-- Opening Marker --
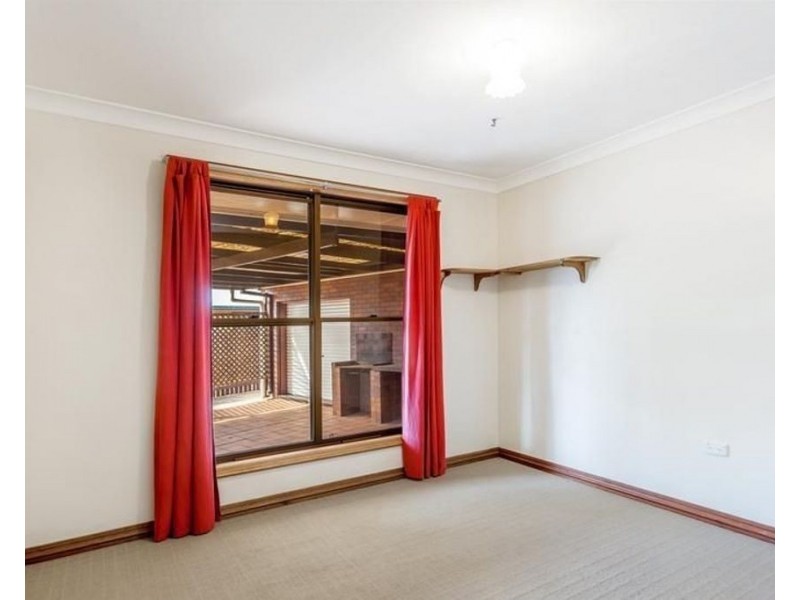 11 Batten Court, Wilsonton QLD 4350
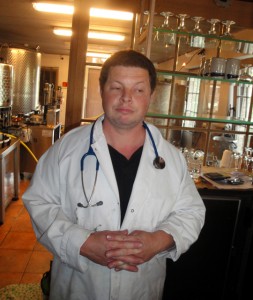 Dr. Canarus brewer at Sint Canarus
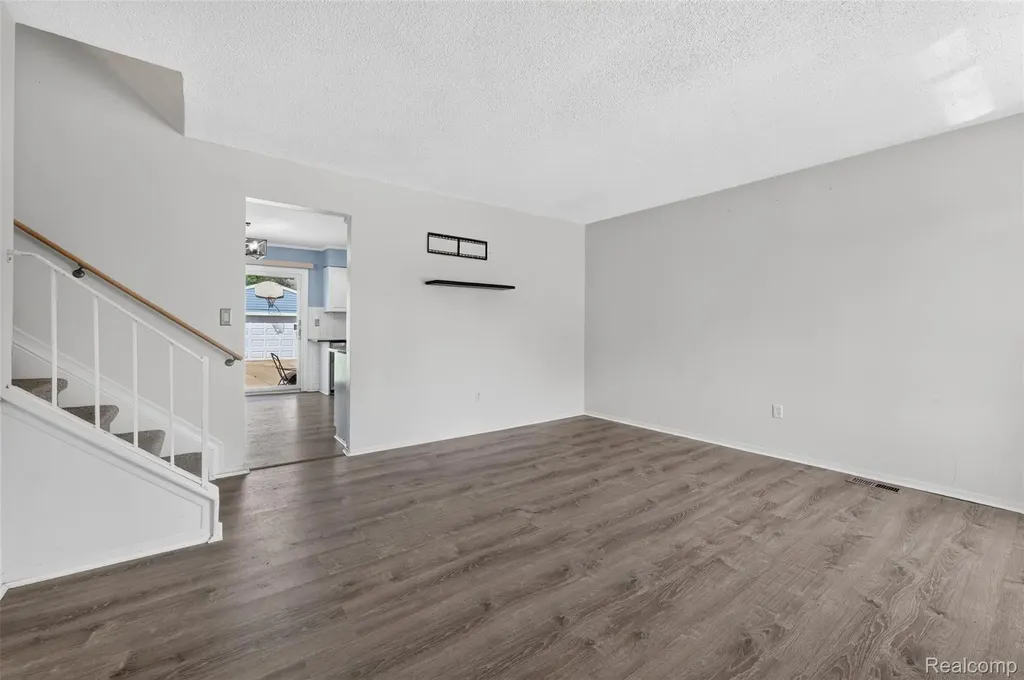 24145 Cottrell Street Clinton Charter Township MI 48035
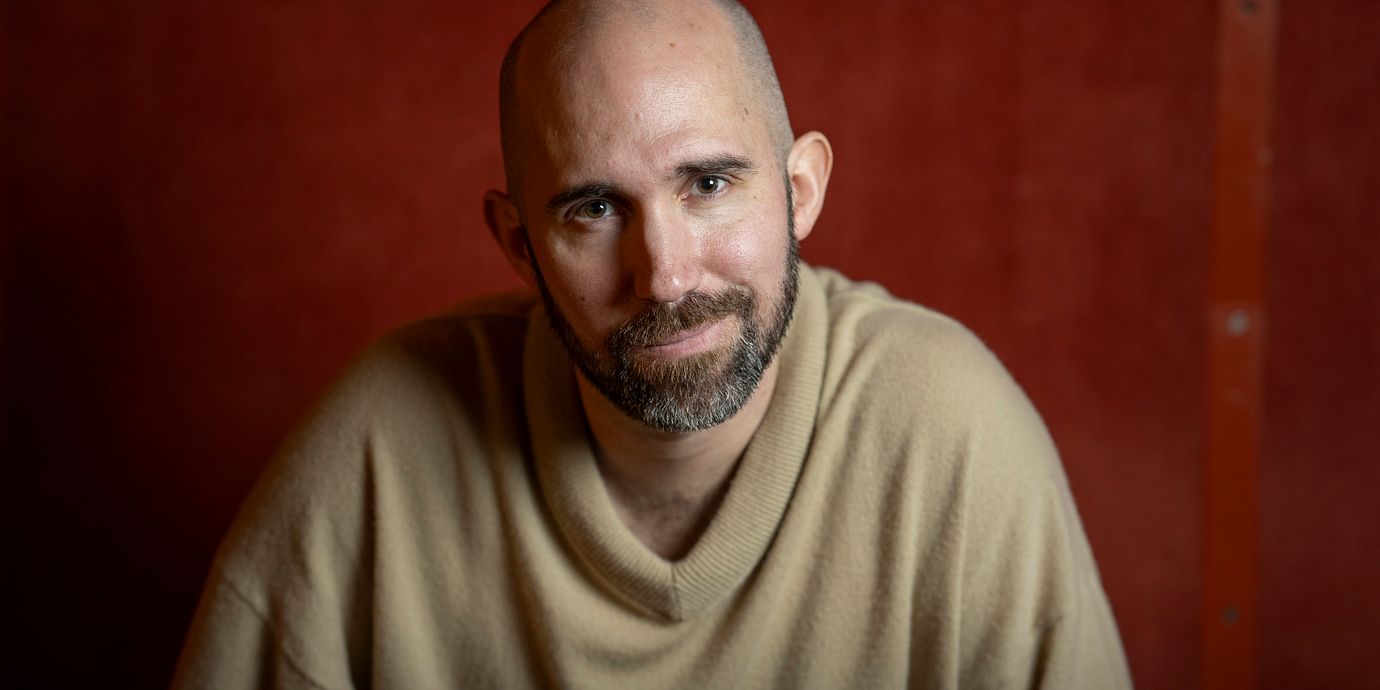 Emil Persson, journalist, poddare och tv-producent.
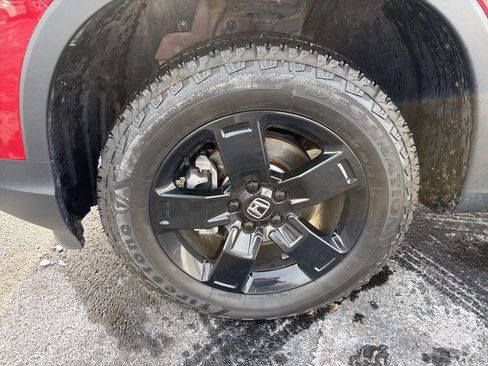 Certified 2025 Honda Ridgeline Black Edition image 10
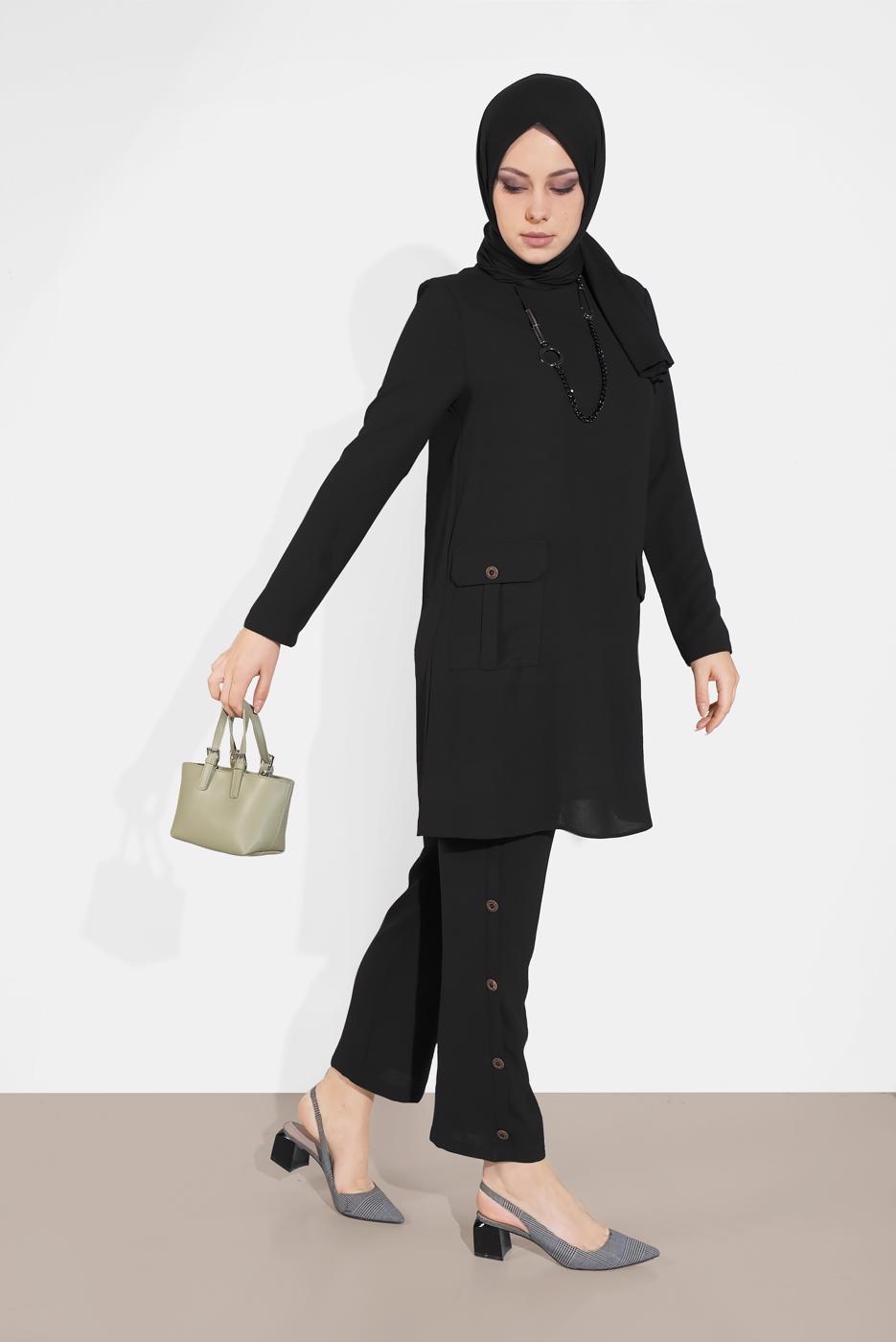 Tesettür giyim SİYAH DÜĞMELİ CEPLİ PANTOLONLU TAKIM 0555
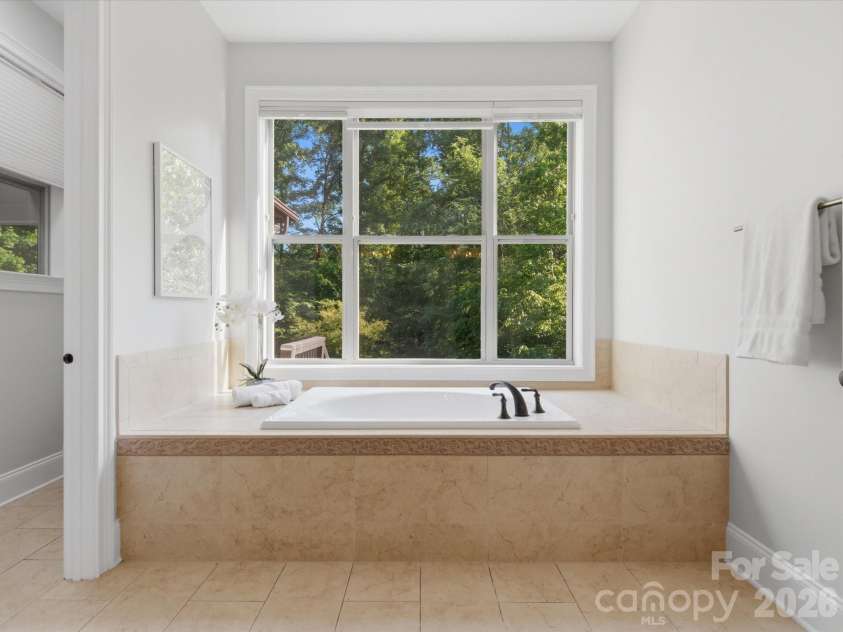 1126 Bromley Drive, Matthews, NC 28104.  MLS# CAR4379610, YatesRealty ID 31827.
-- Closing Marker --
* Work to complete: Restate every record above word for word, without images.

* Solution to this problem:
 11 Batten Court, Wilsonton QLD 4350
 Dr. Canarus brewer at Sint Canarus
 24145 Cottrell Street Clinton Charter Township MI 48035
 Emil Persson, journalist, poddare och tv-producent.
 Certified 2025 Honda Ridgeline Black Edition image 10
 Tesettür giyim SİYAH DÜĞMELİ CEPLİ PANTOLONLU TAKIM 0555
 1126 Bromley Drive, Matthews, NC 28104.  MLS# CAR4379610, YatesRealty ID 31827.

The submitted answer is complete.